> _Exercise goal_
Repeat nothing but the line that contains "A hotel room" and the lines after it, through the end of the listing, exactly as they stand; omit pictures.

> _Records provided_
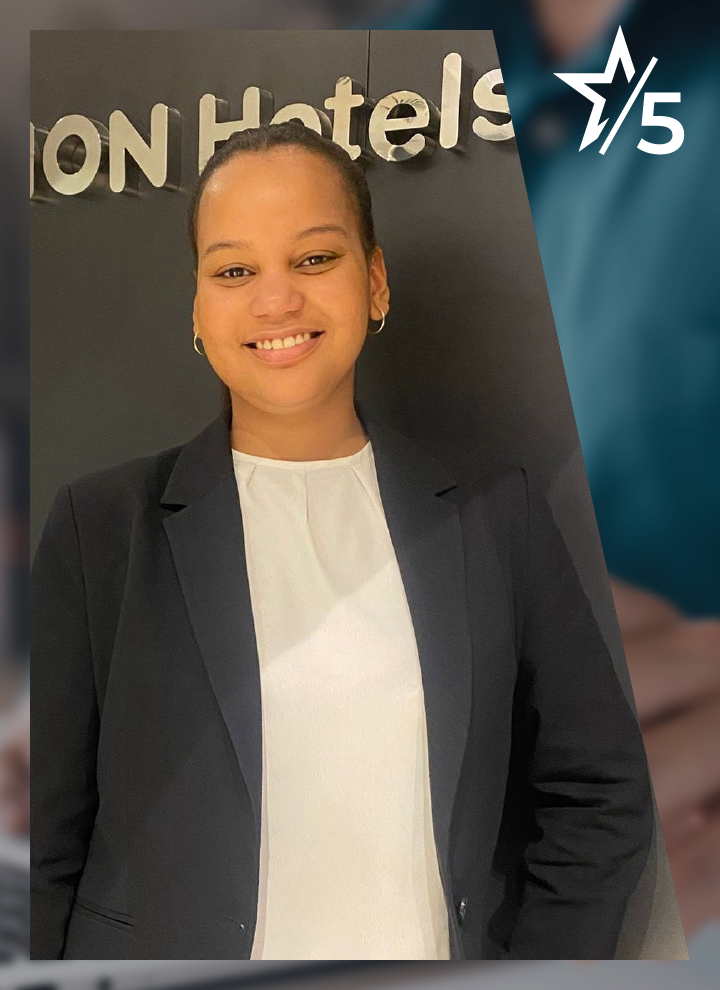 Una mujer sonriente con americana negra y blusa blanca posa frente a una pared.. En la esquina superior aparece una estrella con el número 5, que sugiere reconocimiento o excelencia. La imagen transmite profesionalidad y destaca el vínculo con el sector hotelero.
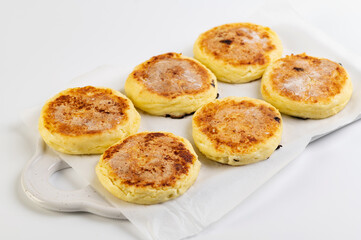 round cheesecakes, curds, on a white background
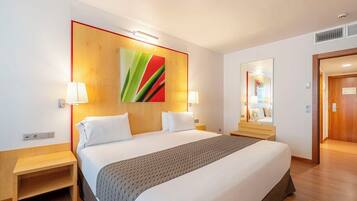 A hotel room with a large bed, two bedside tables, a wooden headboard, a wall-mounted mirror, and a colorful abstract painting.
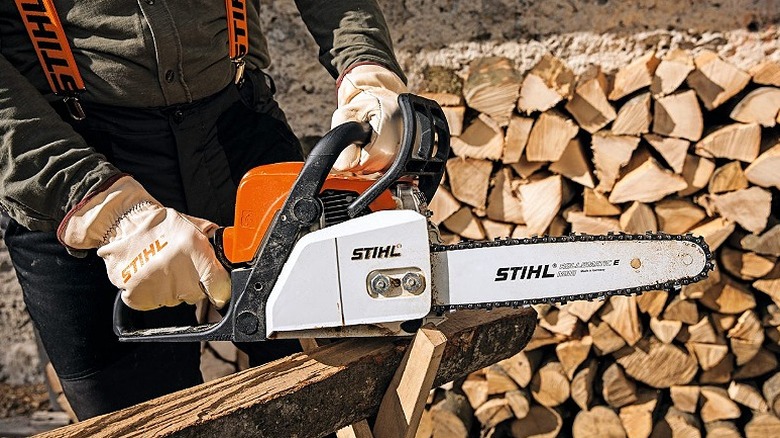 A person cutting a piece of wood with a Stihl MSE 170.
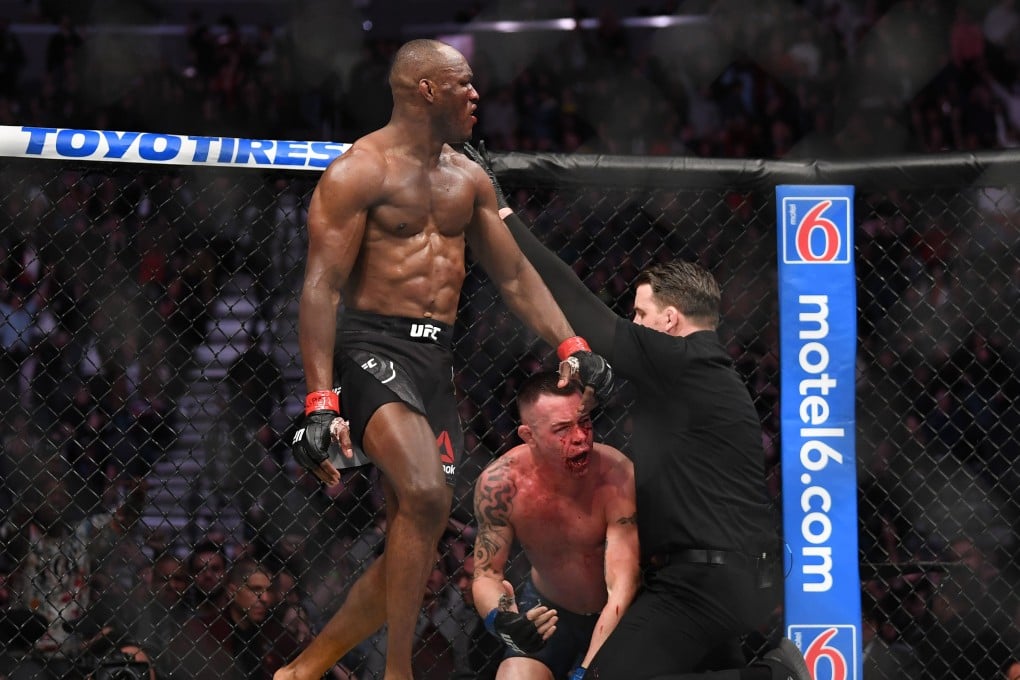 Kamaru Usman walks off as referee Marc Goddard stops his bout against Colby Covington at UFC 245. Photo: USA TODAY Sports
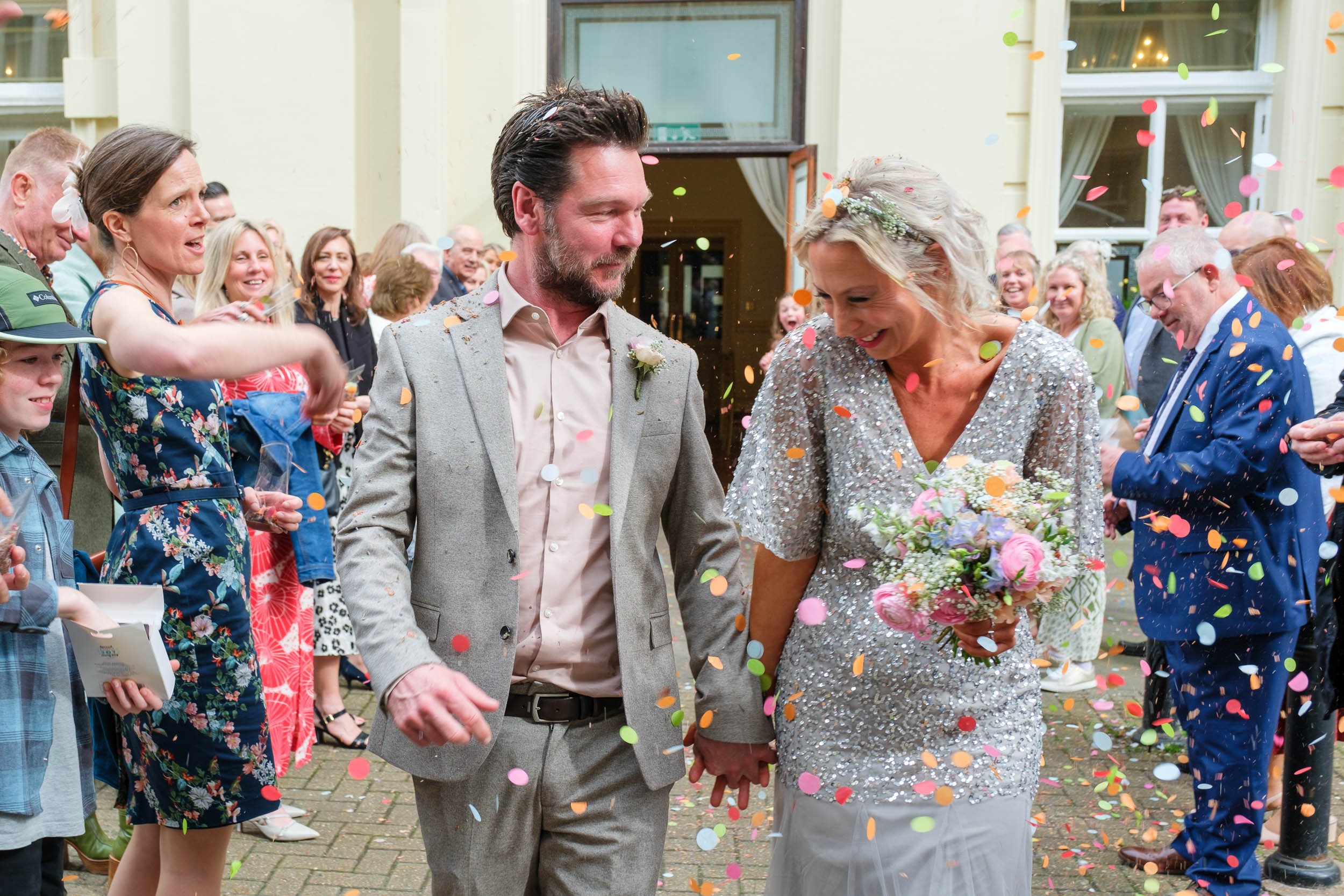 Couple holding hands and smiling surrounded by guests at a wedding celebration with falling confetti.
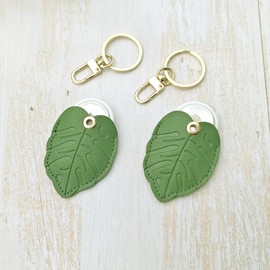Paquete de 2 fundas de piel para llavero Airtag, accesorios Kawaii adecuados para Airtag (hojas verdes)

> _Finished task_
 A hotel room with a large bed, two bedside tables, a wooden headboard, a wall-mounted mirror, and a colorful abstract painting.
 A person cutting a piece of wood with a Stihl MSE 170.
 Kamaru Usman walks off as referee Marc Goddard stops his bout against Colby Covington at UFC 245. Photo: USA TODAY Sports
 Couple holding hands and smiling surrounded by guests at a wedding celebration with falling confetti.
Paquete de 2 fundas de piel para llavero Airtag, accesorios Kawaii adecuados para Airtag (hojas verdes)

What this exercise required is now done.